Peki, "Mavi Bölgelerdeki" sağlıklı asırlıkların diyetinden ne öğrenmeliyiz? Valter Longo'nun "Longevità" diyeti 30 yıllık araştırmalarına dayanıyor:

1- Diyetinizin temeli bitki bazlı olmalıdır: Sebzeler, bakliyatlar, meyveler... Protein alımınız da çoğunlukla bitkilerden, örneğin bakliyattan gelmelidir. Haftada iki ya da üç kez balık da uygundur.

2 - Günde vücut ağırlığının kilogramı başına 0,7 ila 0,8 gram protein yeterlidir. Örneğin 60 kilogram ağırlığındaysanız, bu yaklaşık 42 gram protein anlamına gelir.

3- Ancak çok az protein tüketmek de çok fazla tüketmek kadar zararlıdır. Kas hücrelerinde protein sentezini uyarmak için proteinin büyük bir kısmı yemekle birlikte tüketilmelidir.

4- 65 yaş üstü insanlar daha fazla proteine ihtiyaç duyarlar; yumurta, süt veya peynir... Genç insanlar için daha az tavsiye edilir.

5- Doymuş yağlardan (örneğin et, domuz yağı, süt, hindistan cevizi yağı, palmiye yağı), hidrojenize yağlardan (margarin, kızartma yağı, bisküvi, paketlenmiş kekler gibi), beyaz un ve makarna gibi şekerli gıdalardan (hızla şekere dönüşen çok fazla karbonhidrat içerir), keklerden ve meyve sularından kaçının.

6- Bununla birlikte, kompleks karbonhidratlara büyük miktarlarda izin verilir. Kepekli ürünler ve sebzelerden elde edilen kompleks bitki bazlı karbonhidratlar (tatlı meyvelerden elde edilmesi gerekmez) burada idealdir.

7- Beslenmenizde atalarınızın kültüründen çok fazla sapmayın. Örneğin, epigenetik kalıtım Avrupalılar için kinoa veya zerdeçal (aslen Güney Amerika veya Güney Asya'dan) gibi tamamen yabancı gıdalarda sorunlara neden olabilir.

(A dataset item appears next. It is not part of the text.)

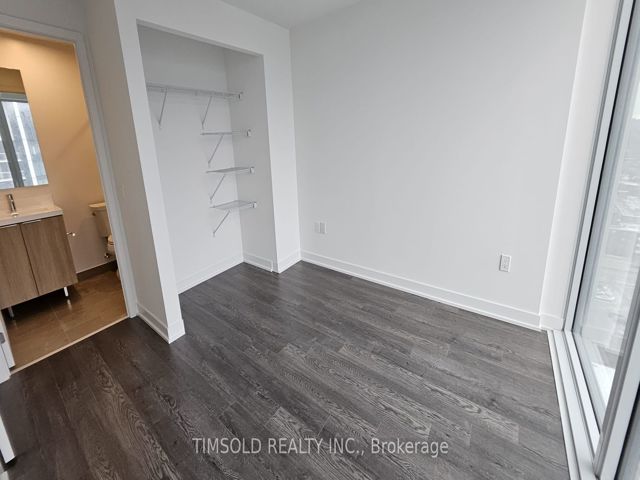 1601 - 50 O'neill Rd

8- Kilonuzu korumak istiyorsanız, günde sadece iki kez ve küçük, tercihen şekersiz bir atıştırmalık yiyin. Günde beş küçük öğün efsanesi uzun zamandan beri eski bir haber olarak dolaba kaldırılmıştır.

9- Yemek yediğiniz süreyi mümkünse on saatle sınırlayın.

10- Yılda birkaç kez dört ile beş gün boyunca Orucu Taklit Eden Diyet (FMD) yapın. Karbonhidrat içerir, ekonomi moduna geçmezsiniz, kilo verirsiniz ve herhangi bir klasik oruç diyetinden daha uzun ömürlü etkileri vardır.